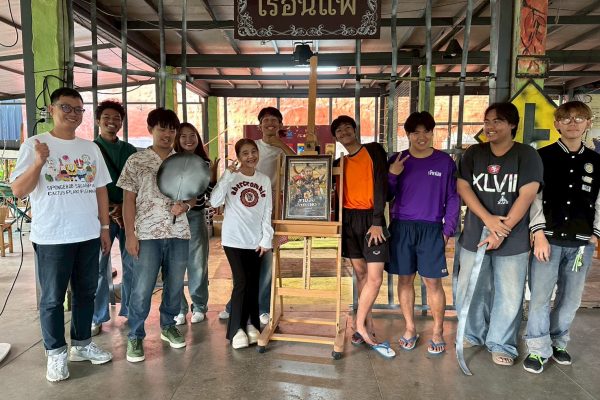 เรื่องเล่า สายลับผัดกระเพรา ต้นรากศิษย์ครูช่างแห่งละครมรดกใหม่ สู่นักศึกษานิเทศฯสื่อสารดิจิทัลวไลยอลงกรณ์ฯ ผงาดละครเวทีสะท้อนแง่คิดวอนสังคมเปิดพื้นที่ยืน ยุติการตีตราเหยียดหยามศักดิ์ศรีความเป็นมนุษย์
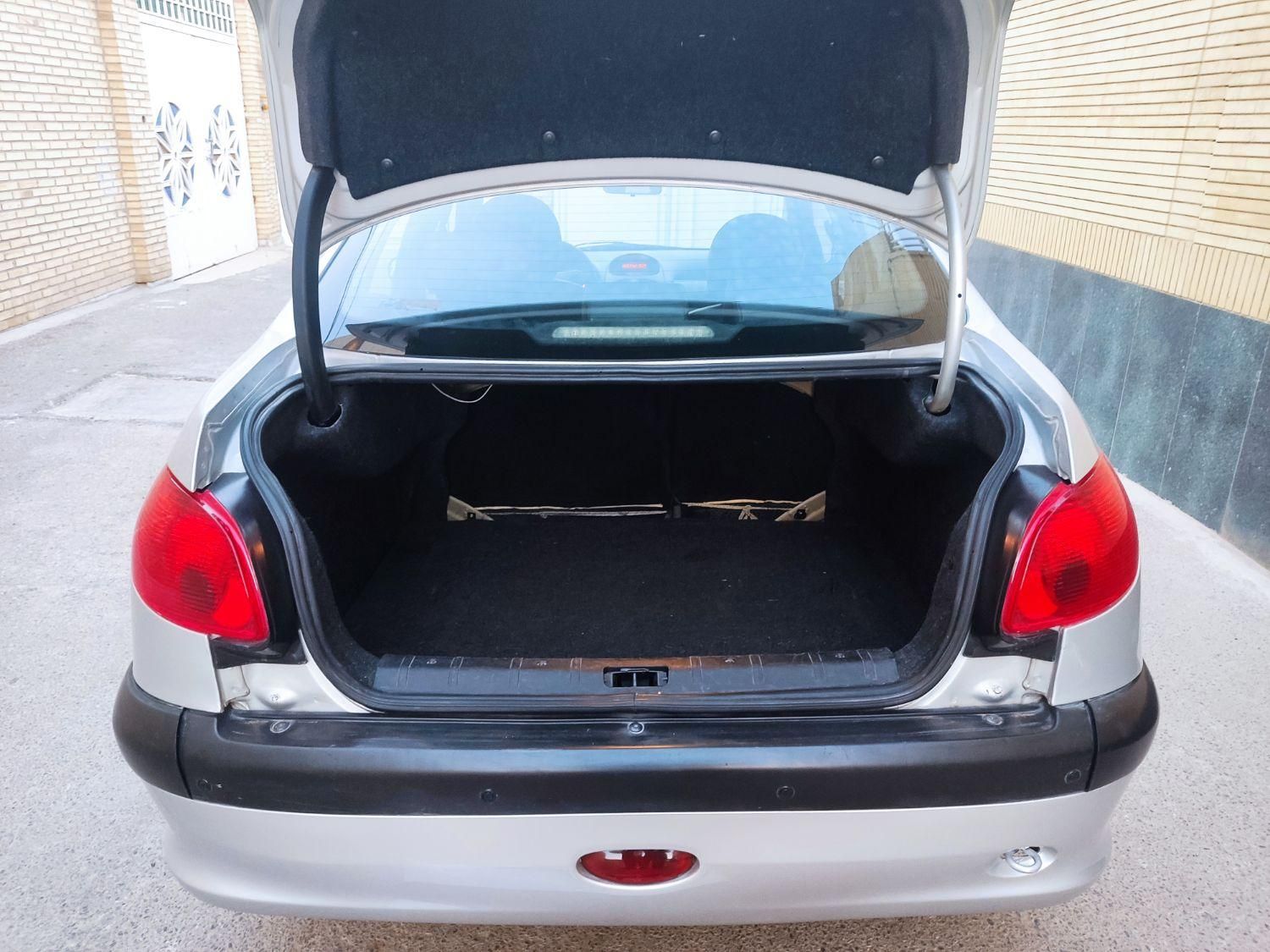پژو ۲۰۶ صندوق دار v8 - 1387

┄┄┄┄┄┄

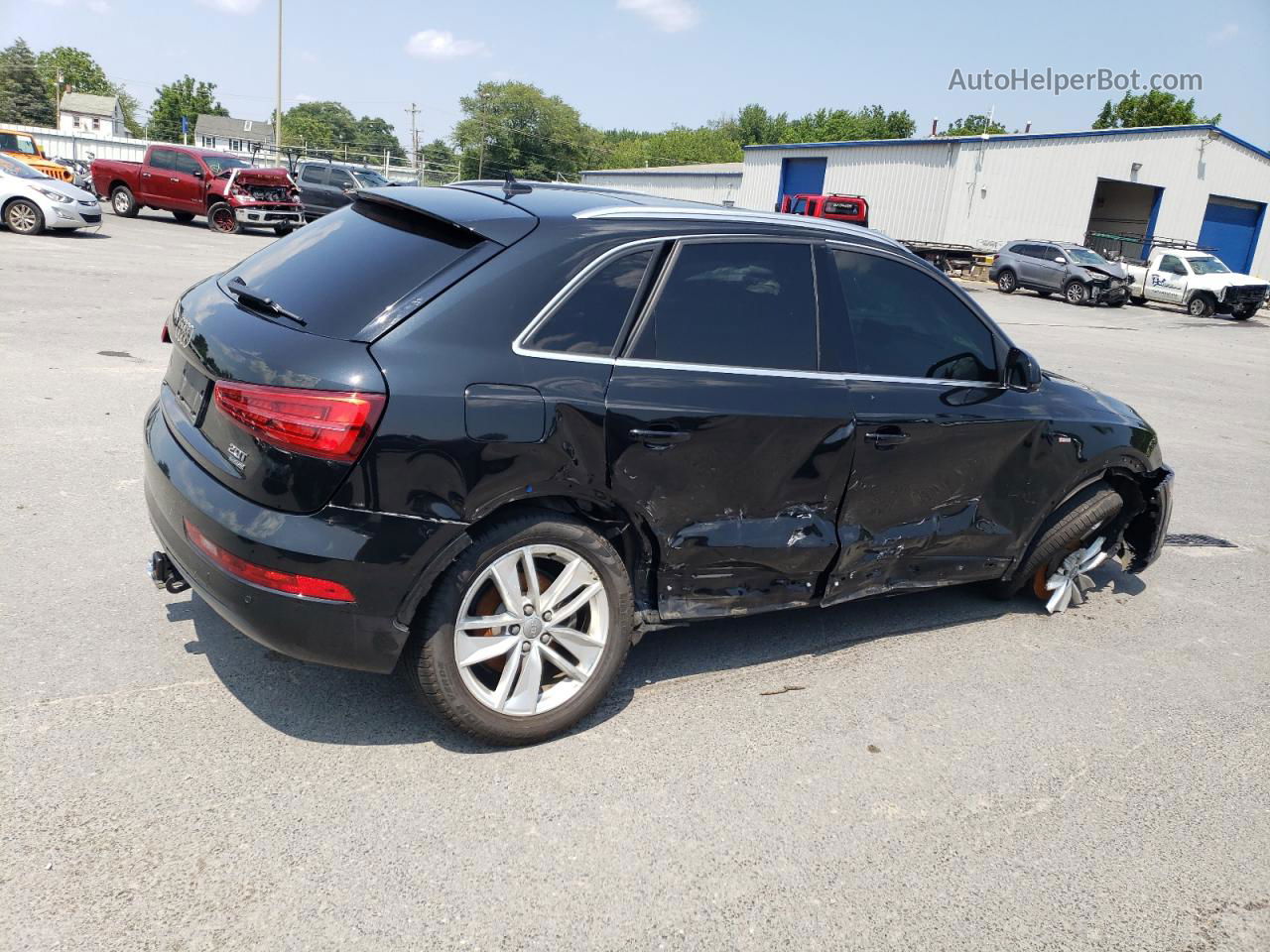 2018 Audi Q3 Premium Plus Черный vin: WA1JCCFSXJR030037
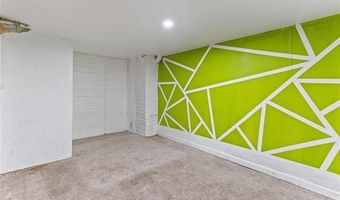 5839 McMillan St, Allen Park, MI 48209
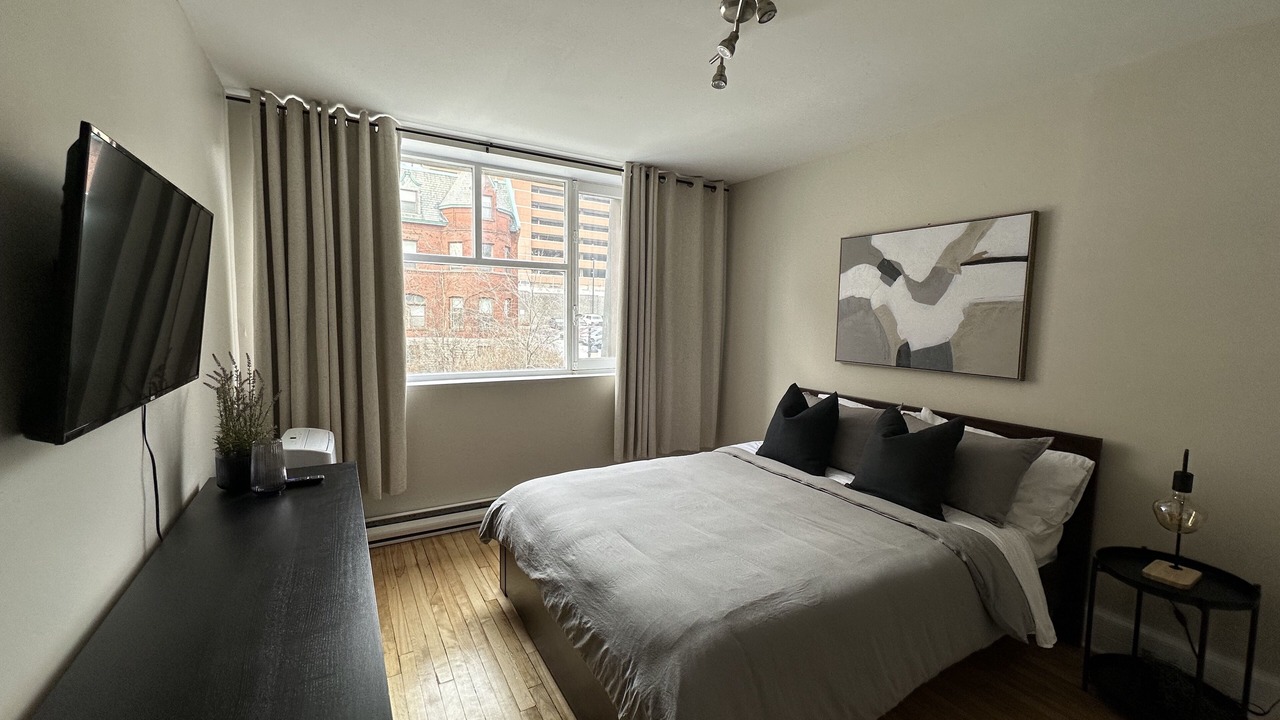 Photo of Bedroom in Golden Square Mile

┄┄┄┄┄┄

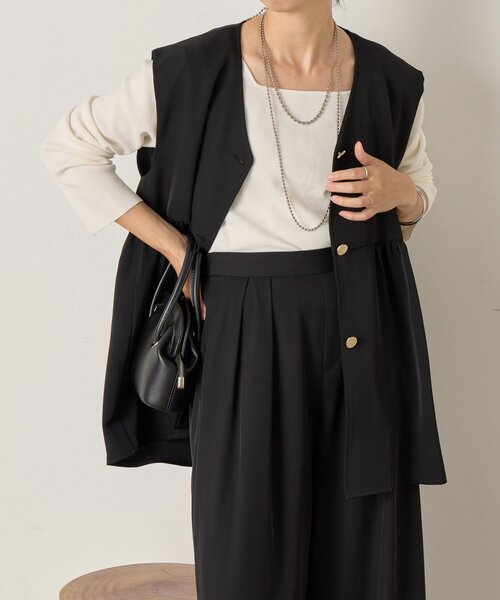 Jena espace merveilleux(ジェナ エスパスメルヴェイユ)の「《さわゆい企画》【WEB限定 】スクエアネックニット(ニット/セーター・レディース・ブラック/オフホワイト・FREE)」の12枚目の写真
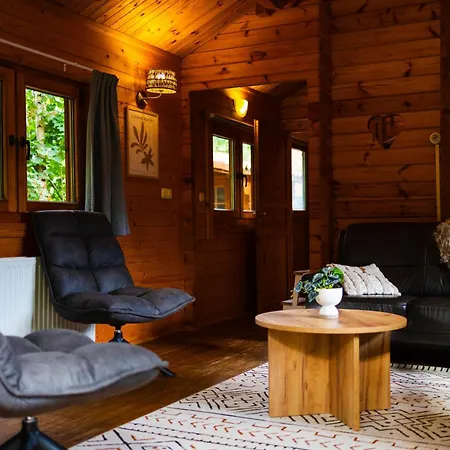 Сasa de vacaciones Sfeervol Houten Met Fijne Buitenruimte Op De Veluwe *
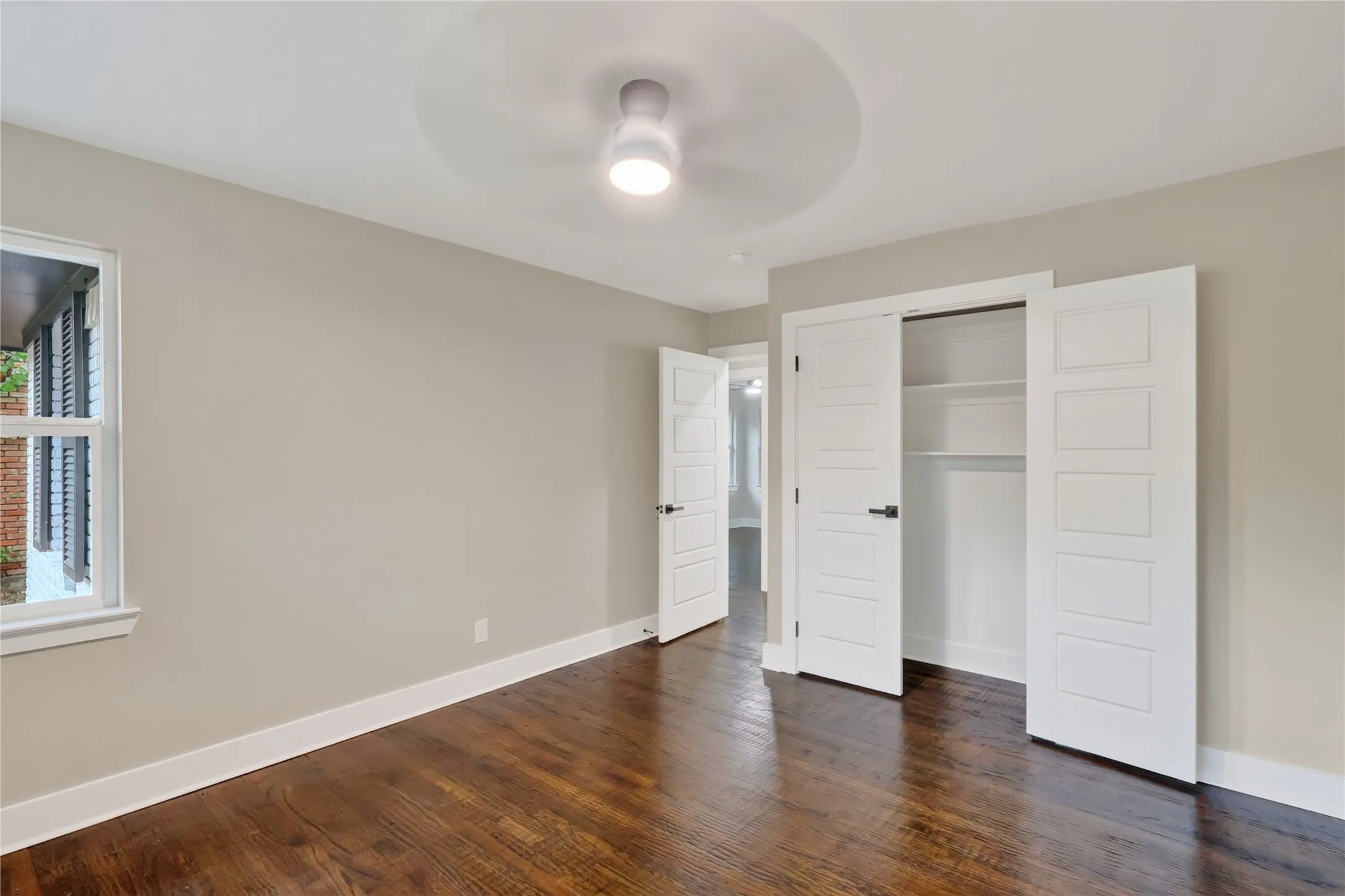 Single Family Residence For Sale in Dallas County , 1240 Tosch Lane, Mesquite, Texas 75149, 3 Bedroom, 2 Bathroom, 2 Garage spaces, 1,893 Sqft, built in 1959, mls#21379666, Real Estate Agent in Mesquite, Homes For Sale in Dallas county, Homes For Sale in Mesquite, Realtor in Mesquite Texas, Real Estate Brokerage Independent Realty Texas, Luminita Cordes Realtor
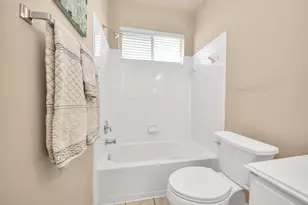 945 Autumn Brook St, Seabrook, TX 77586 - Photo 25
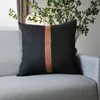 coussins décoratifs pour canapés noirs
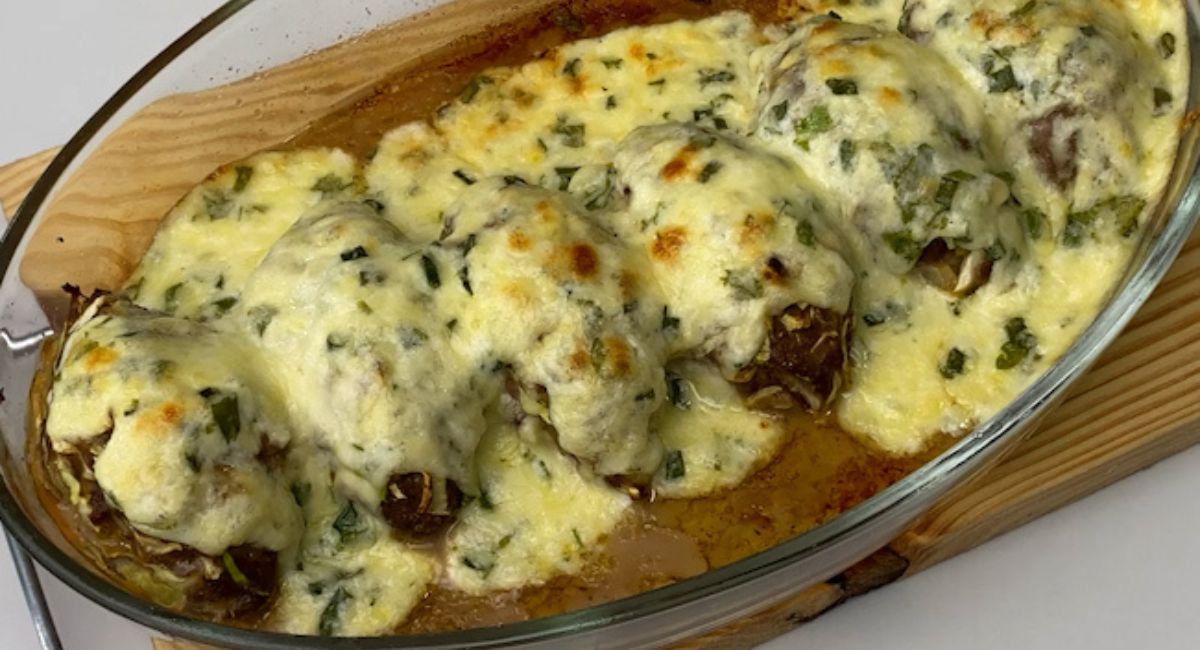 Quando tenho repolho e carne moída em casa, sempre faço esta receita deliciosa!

┄┄┄┄┄┄

Look above for the line with "945 Autumn Brook", then give again exactly every line from there through the line with "Quando tenho repolho", skipping the pictures.

Written response:
 945 Autumn Brook St, Seabrook, TX 77586 - Photo 25
 coussins décoratifs pour canapés noirs
 Quando tenho repolho e carne moída em casa, sempre faço esta receita deliciosa!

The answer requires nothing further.